Observations – the duty to confer
24
As I made clear to counsel during the hearing, I do not purport to make any finding as to the accuracy or otherwise of the wife’s account as to the course of the attempts at conferral. I make no finding as to how responsibility for the failure to properly confer should be apportioned between the parties or between those representing them. It would be inappropriate to do so without the parties, or any lawyer whose interests or reputation might be adversely affected, having proper opportunity to be heard on the matter. It would be of no discernible benefit to the parties in any event, particularly at this stage of the proceedings. If that matter is to be revisited, that may appropriately occur in the context of any application for costs that might be made at the conclusion of the proceedings.
25
That said, self-evidently and no matter how responsibility might be apportioned, the sequence of events outlined above reflects that the proceedings to date have been conducted in a manner which is entirely unacceptable.
[2025] FCWA 16
O’BRIEN J
Page 9
26
The main purpose of the Family Court Rules 2021 (WA) (“the Rules”) is to ensure that each case is resolved in a just and timely manner at a cost to the parties and the court that is reasonable in the circumstances of the case.4 The court has obligations in promoting that main purpose5 as do the parties and their lawyers.6
27
I acknowledge that, presently at least, there is no express provision in the Rules requiring oral conferral. That said, r 79 requires that before filing an application seeking interim, procedural, ancillary or other incidental orders a party must make a reasonable and genuine attempt to settle the issue to which the application relates, subject only to certain exceptions which do not apply here. Even more particularly, in a property case such as this one, the Rules provide that no such application or response will be accepted for filing unless the parties have conferred “on a without prejudice basis for the purpose of identifying, resolving and narrowing the issues in dispute”, and have certified that they have done so.7
28
It is the common experience of judicial officers in this Court that those requirements are far from universally met. It is not uncommon for parties and practitioners to purport to certify compliance with the Rules by filing a certificate that confirms that they have sent an email or letter in relation to the matter and received no response. Frankly, it is that common experience which has led to a number of judicial officers adopting the practice of making orders for personal conferral by face-to-face meeting or telephone, as occurred in this case.
29
Orders of that nature should not be necessary. As the Court of Appeal has observed:
“As should be well understood, ordinarily at least, discharge of the obligation to confer will require oral communication. That is because, as we observed above, the object of the rule is to promote constructive discussion. As Martin CJ observed more than 15 years ago, the ‘exchange of furious correspondence’ is not meaningful conferral.”8
4 Family Court Rules 2021 (WA) r 5.
5 Ibid rr 6 and 7.
6 Ibid r 8.
7 Ibid r 79(4).
8 Murray Riverside Pty Ltd v Toscana (WA) Ravenswood Estate Pty Ltd [2022] WASCA 67, [56].
[2025] FCWA 16
O’BRIEN J
Page 10
30
Lest that observation be misunderstood by lawyers practising primarily in this Court, it was made by reference to Order 59 Rule 9 of the Rules of the Supreme Court 1971 (WA), which is in the following terms:

  1. Parties to confer before making application
    (1) No order shall be made on an application in chambers unless the application was filed with a memorandum stating —
    (a) that the parties have conferred to try to resolve the matters giving rise to the application; and
    (b) the matters that remain in issue between the parties.
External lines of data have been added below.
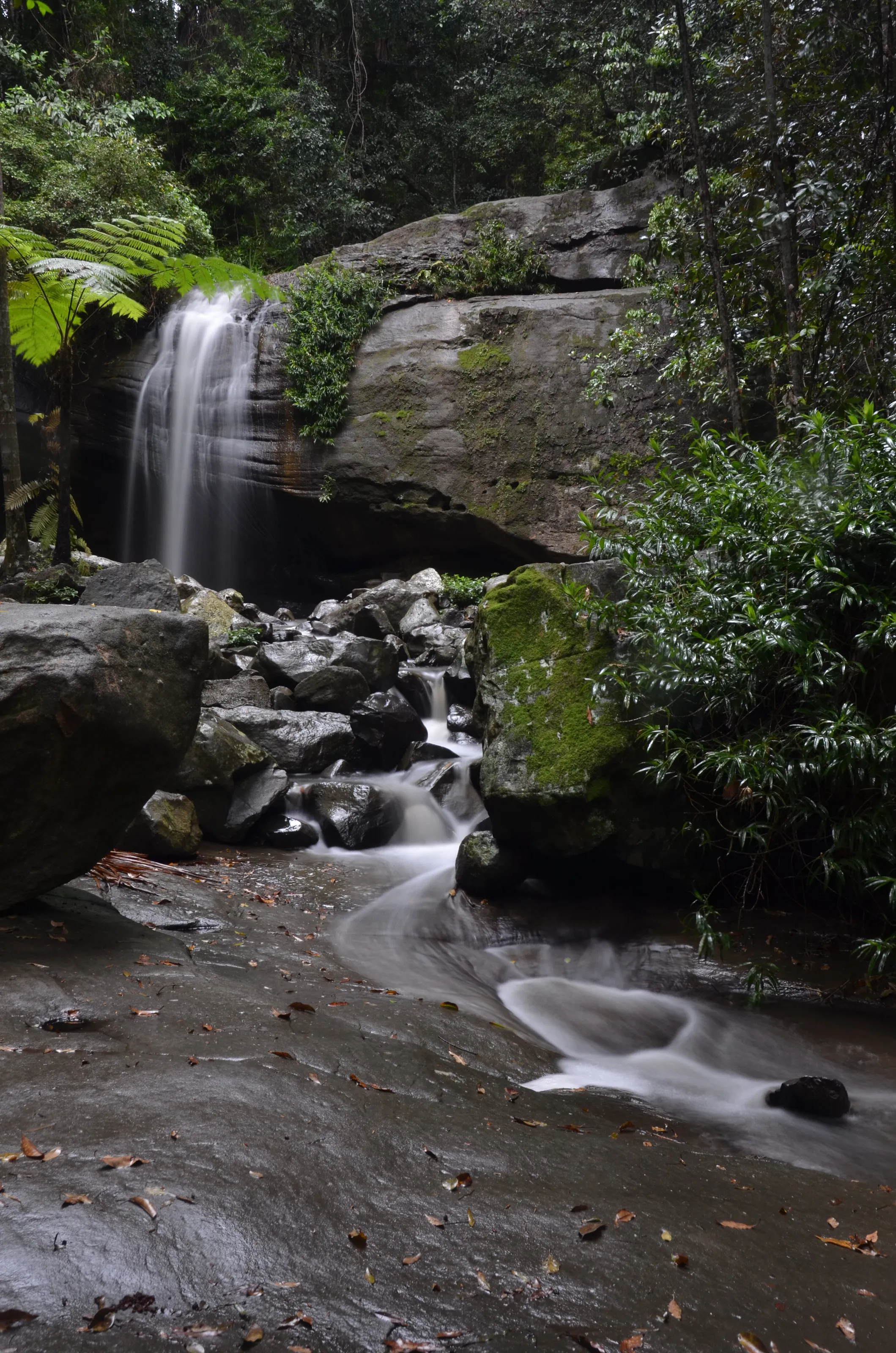 Serentiy Falls
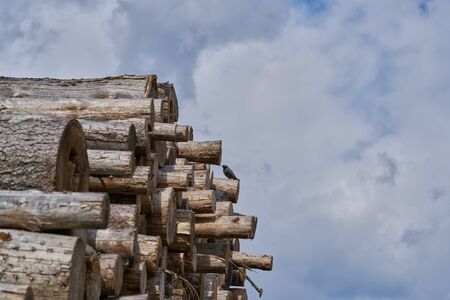 Natural wooden background - closeup of chopped firewood. Firewood stacked and prepared for winter...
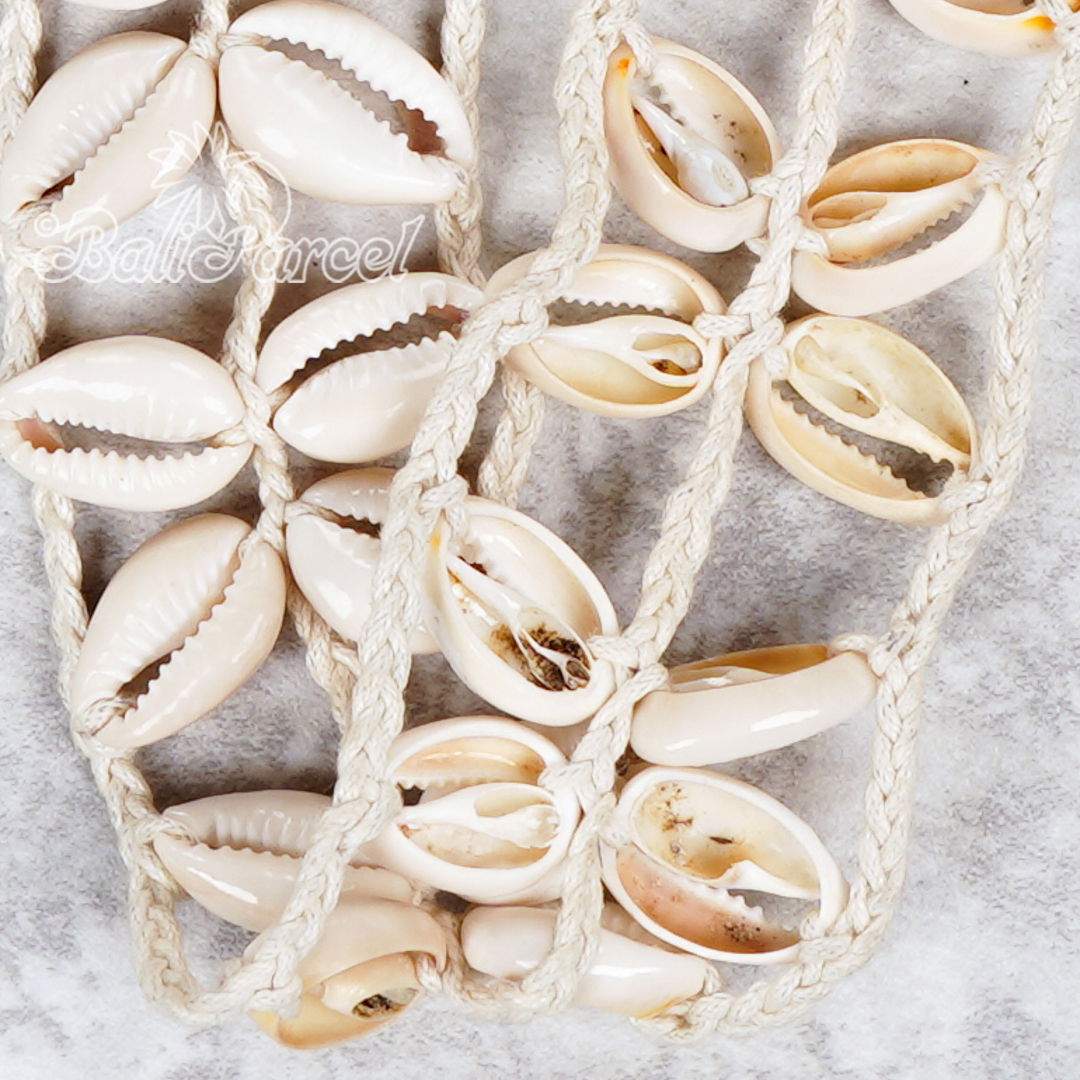 Cowrie Shell Belt
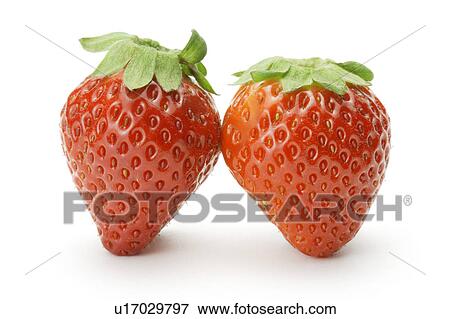 Stock Photo - Two strawberries. Fotosearch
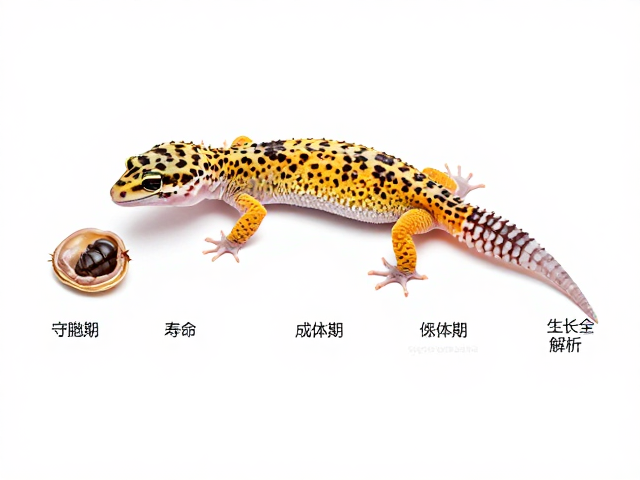 豹纹守宫蜕皮周期与成体期寿命生长速度全解析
    (2) The Court may waive the operation of subrule (1) in a case of urgency or for other good reason.
    31
    In common with the Rules of this Court, Order 59 Rule 9 does not expressly require oral communication as a component of conferral. The clear statement made by the Court of Appeal applies with equal force to the conduct of proceedings in this Court.
    32
    The observations of Martin CJ to which the Court of Appeal referred resonate more broadly, and bear repetition in full:9
    “In far too many cases, the Rule is complied with in form rather than substance. That is because too often the representatives of the parties consider that the exchange of furious correspondence is an adequate substitute for meaningful conferral in relation to the substance of the interlocutory dispute…
    For my part, I favour an approach to the construction of the rule which would lead to the conclusion that it has not been substantively complied with unless and until legal representatives of the parties, with authority to resolve the particular interlocutory dispute in question, have orally conferred in respect of the substantive issues that arise in relation to that dispute, either by telephone or by meeting face-to-face. It follows that any legal representative who declines or refuses to participate in such a process of conferral, without good cause, is at risk of being ordered to pay the costs which flow from that refusal personally. There may, of
    9 Deleting only comments specific to the case before His Honour.
    [2025] FCWA 16
    O’BRIEN J
    Page 11
    course, be cases in which a departure from this approach to the application of [the rule] is justified, but, in my view, those cases will be exceptional.”10
    33
    While I do not suggest that the lawyers involved in this matter engaged in conduct of the nature about to be described, the following further observations by the Court of Appeal also resonate with what is regrettably common experience in litigation in this Court:
    “It should not need to be said that inflammatory and pejorative language such as ‘risible’ and ‘disingenuous’ is antithetical to genuine and constructive engagement in the process of conferral.”11
    34
    And elsewhere:
    “Nor is it consistent with the object of the rule [requiring conferral] for a party’s solicitors to seek to unilaterally impose conditions on the other party’s solicitors before they are prepared to engage in any discussion.”12
    35
    The limitations on the resources available to the Court are well-known, as is the impact on litigants of delay in the resolution of their matters. Proper and genuine conferral in all cases, especially where parties are represented, is essential to the promotion of the main purpose of the Rules, and to the discharge by lawyers of their obligations.
    36
    The discharge of those clear obligations requires lawyers to actually talk to each other. The conversation must be conducted bona fide, and reflect genuine efforts to resolve or narrow issues, not tokenistic “compliance” with the Rules. The conversation must be undertaken with the benefit of adequate instructions; while it may need to pause for instructions to be taken, it must then be resumed and completed. The onus is clearly on the lawyer at whose request the conversation is paused to proactively initiate its resumption.
    37
    This case is but one of many examples in which those obligations have not been met, to the detriment of the parties themselves and the system more broadly.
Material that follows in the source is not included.